┌──
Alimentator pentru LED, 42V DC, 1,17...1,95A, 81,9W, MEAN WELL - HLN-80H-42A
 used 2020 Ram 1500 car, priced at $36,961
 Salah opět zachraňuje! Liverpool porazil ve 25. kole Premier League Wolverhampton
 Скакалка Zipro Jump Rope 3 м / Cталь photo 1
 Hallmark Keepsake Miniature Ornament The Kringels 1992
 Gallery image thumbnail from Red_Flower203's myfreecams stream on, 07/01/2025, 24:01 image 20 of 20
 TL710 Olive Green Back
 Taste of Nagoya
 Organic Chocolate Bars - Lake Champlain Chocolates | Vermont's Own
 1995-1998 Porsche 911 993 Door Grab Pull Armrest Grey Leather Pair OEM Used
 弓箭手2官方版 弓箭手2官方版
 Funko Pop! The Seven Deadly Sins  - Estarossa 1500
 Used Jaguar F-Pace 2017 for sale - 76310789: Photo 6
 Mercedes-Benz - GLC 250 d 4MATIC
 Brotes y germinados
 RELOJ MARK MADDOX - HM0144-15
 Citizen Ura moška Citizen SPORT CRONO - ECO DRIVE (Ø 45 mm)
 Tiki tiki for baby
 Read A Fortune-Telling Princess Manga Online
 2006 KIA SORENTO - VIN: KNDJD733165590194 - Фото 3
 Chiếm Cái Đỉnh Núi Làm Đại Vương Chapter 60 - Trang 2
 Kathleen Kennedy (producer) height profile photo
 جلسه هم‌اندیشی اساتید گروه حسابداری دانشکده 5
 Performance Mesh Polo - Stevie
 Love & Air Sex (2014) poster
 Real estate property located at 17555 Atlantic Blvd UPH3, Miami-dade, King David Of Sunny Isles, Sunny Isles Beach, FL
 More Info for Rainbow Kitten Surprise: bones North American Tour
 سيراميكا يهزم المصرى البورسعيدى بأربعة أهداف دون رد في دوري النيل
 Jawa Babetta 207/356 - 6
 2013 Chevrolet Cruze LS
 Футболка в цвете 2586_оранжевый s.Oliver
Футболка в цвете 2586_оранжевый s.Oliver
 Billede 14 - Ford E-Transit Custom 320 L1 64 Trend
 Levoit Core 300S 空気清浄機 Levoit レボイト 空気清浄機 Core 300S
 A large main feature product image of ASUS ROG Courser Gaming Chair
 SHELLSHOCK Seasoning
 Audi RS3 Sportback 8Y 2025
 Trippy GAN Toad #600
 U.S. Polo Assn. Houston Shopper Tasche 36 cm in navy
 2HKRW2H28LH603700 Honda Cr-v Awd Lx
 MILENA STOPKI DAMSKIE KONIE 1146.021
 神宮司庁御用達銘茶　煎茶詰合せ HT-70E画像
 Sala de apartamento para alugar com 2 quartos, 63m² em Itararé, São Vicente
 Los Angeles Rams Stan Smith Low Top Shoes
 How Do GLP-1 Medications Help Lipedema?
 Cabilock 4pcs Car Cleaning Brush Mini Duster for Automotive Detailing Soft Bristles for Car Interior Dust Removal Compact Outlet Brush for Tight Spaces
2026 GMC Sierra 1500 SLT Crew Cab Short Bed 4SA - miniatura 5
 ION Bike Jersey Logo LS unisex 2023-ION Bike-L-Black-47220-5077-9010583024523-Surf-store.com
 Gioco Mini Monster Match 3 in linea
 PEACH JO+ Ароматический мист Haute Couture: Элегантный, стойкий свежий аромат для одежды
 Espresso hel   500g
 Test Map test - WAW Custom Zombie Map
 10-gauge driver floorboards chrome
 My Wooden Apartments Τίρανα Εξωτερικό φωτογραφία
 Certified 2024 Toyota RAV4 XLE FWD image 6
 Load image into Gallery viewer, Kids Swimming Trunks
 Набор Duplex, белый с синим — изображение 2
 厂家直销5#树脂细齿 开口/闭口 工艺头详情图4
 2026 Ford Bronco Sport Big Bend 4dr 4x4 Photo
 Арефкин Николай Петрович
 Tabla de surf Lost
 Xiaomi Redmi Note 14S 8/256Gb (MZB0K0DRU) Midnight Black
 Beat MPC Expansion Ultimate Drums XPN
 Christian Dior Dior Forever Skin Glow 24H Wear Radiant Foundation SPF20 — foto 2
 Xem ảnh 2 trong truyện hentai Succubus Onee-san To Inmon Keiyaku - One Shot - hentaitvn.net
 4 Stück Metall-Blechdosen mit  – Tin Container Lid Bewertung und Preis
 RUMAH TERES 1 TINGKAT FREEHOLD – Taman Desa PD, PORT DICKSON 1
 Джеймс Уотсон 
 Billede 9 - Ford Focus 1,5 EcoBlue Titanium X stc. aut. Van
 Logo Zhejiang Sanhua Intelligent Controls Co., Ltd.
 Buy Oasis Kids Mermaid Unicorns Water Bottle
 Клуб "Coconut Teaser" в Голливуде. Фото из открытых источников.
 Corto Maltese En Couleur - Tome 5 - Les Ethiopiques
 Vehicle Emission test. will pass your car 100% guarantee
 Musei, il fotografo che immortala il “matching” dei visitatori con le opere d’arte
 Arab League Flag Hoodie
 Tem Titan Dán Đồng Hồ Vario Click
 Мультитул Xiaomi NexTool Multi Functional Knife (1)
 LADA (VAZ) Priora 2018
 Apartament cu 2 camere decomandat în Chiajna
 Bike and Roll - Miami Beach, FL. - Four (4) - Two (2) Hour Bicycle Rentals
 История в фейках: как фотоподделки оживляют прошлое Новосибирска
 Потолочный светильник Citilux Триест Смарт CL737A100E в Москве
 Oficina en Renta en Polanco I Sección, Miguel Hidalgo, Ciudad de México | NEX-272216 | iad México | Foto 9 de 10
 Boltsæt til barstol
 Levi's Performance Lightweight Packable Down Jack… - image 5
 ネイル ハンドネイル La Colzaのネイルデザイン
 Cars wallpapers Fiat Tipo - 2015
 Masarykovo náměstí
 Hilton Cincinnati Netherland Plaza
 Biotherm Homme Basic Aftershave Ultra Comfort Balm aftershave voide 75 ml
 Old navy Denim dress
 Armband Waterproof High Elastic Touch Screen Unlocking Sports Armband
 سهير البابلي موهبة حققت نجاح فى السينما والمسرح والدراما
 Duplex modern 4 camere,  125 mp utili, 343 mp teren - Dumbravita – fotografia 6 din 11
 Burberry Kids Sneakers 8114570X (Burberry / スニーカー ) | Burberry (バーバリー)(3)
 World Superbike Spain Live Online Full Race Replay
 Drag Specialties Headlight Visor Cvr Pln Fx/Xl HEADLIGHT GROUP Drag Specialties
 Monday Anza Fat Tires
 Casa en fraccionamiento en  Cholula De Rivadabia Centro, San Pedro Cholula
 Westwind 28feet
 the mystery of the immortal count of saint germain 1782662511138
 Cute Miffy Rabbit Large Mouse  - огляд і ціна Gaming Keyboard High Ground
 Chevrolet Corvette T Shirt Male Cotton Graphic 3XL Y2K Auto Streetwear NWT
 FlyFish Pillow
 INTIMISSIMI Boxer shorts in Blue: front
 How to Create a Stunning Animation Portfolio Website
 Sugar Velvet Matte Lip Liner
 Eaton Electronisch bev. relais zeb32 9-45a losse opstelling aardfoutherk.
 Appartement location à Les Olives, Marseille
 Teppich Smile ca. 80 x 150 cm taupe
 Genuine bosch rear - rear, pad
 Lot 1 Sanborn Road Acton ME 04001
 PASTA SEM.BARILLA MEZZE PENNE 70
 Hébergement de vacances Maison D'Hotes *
└──
From the records above, repeat exactly the lines from the one with "FlyFish Pillow" through the one with "Lot 1 Sanborn Road Acton ME 04001", both included.

» **THE COMPLETED TASK**
 FlyFish Pillow
 INTIMISSIMI Boxer shorts in Blue: front
 How to Create a Stunning Animation Portfolio Website
 Sugar Velvet Matte Lip Liner
 Eaton Electronisch bev. relais zeb32 9-45a losse opstelling aardfoutherk.
 Appartement location à Les Olives, Marseille
 Teppich Smile ca. 80 x 150 cm taupe
 Genuine bosch rear - rear, pad
 Lot 1 Sanborn Road Acton ME 04001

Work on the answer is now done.